In summary, it appears that line diagrams are not instantly intuitive to many users because they conflict with other types of graphical representations which the users already know. The main learning thresholds in this context appear to be the challenge of overcoming the misconception of line diagrams as embedded into vector spaces and the abstraction from the specific examples of divisor and powerset lattices to the underlying shared algebraic structure.
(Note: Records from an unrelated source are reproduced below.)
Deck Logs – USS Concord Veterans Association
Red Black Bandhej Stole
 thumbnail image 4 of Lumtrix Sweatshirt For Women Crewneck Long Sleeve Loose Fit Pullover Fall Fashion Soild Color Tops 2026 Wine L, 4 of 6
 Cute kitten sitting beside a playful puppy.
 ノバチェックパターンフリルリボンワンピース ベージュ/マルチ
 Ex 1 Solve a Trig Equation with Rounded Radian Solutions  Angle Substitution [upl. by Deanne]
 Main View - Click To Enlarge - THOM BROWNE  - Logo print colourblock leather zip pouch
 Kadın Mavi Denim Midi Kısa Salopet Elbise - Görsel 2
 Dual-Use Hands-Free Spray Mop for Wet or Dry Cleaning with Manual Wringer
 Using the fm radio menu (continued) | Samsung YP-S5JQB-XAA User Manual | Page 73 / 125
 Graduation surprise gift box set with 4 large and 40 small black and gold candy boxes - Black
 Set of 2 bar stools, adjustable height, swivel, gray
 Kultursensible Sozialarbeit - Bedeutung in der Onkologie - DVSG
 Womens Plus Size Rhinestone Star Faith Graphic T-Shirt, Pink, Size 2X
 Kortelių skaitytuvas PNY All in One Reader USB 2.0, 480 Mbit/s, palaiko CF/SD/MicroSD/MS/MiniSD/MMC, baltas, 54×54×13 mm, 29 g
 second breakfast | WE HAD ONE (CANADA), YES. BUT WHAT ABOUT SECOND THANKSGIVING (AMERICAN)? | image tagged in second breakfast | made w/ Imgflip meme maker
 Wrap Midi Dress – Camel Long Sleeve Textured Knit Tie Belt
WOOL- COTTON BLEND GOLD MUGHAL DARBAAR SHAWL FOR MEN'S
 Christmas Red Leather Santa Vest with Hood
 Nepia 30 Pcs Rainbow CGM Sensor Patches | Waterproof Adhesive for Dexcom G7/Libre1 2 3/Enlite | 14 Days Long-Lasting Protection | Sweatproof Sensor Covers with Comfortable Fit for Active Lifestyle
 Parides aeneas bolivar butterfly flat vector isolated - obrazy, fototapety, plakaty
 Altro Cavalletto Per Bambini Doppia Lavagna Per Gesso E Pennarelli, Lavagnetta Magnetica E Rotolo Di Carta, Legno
Students with some form of dyslexia might find visualisations difficult to read in general.

3.2 Understanding Concept Lattices

After introducing line diagrams, the next steps in the DS class were to introduce lattices and then concept lattices. Priss (2016) collects a list of typical questions about and problems with lattices that users tend to have when they first encounter concept lattices. This list was also confirmed in the DS class:

  • What is the purpose of the top and bottom node?

  • Why are there unlabelled nodes?

  • How can the extensions and intensions be read from the diagram?

  • What is the relationship between nodes that do not have an edge between them but can be reached via a path?

  • What is a supremum or an infimum?

  • How can one tell whether it is a lattice?

The SCA analysis conducted by Priss (2016) resulted in the two lattices presented in Fig. 4. The left hand side presents a lattice for the structures contained in line diagrams and the right hand side a lattice for the concepts of lattice theory. The figure shows that a fair number of concepts is involved and that the mapping from line diagrams to lattices is reasonably complex. Ultimately, in order to answer questions such as ‘why are there unlabelled nodes’ one needs to know what nodes and edges are, how they can be traversed and extensions and intensions be formed. One also needs to know what concepts, joins, meets, operators and sets are. In order to understand what a lattice is, one needs knowledge of all of the concepts in Fig. 4, an understanding of lattices as an abstraction and examples of partially ordered sets which are not lattices.

Fig. 4.
figure 4

Structures of line diagrams and concept lattices (Priss 2016)

To conclude this section it should be stressed that a few students in the DS class appeared to have a very good grasp of lattices towards the end of the class sessions on this topic. Most of the students who passed the class achieved at least 75% of the points related to the exam question about partially ordered sets and lattices. Thus the misconceptions that students were initially having can be overcome. The students can learn to interpret line diagrams correctly after some time spent with reading, instruction and exercises. But some students are having difficulties with the required abstraction and with the visualisations. FCA contains several learning thresholds and is not instantly intuitive.

4 Conclusion

This paper discusses learning thresholds in the teaching materials of FCA. A major learning threshold that applies to all of mathematics is the realisation that mathematical concepts are very different from associative concepts underlying natural language. A different cognitive strategy must be used for both types of concepts. Visualisations such as line diagrams are helpful for users who understand them but cannot be assumed to be instantly intuitive for people who have never seen them before. It would be of interest to conduct a more comprehensive analysis of mathematical notation and visualisations from a semiotic-conceptual perspective. Most pedagogical studies tend to focus on particular examples – we are not aware of an existing larger scale analysis of the semiotic structures of mathematical notation and visualisation.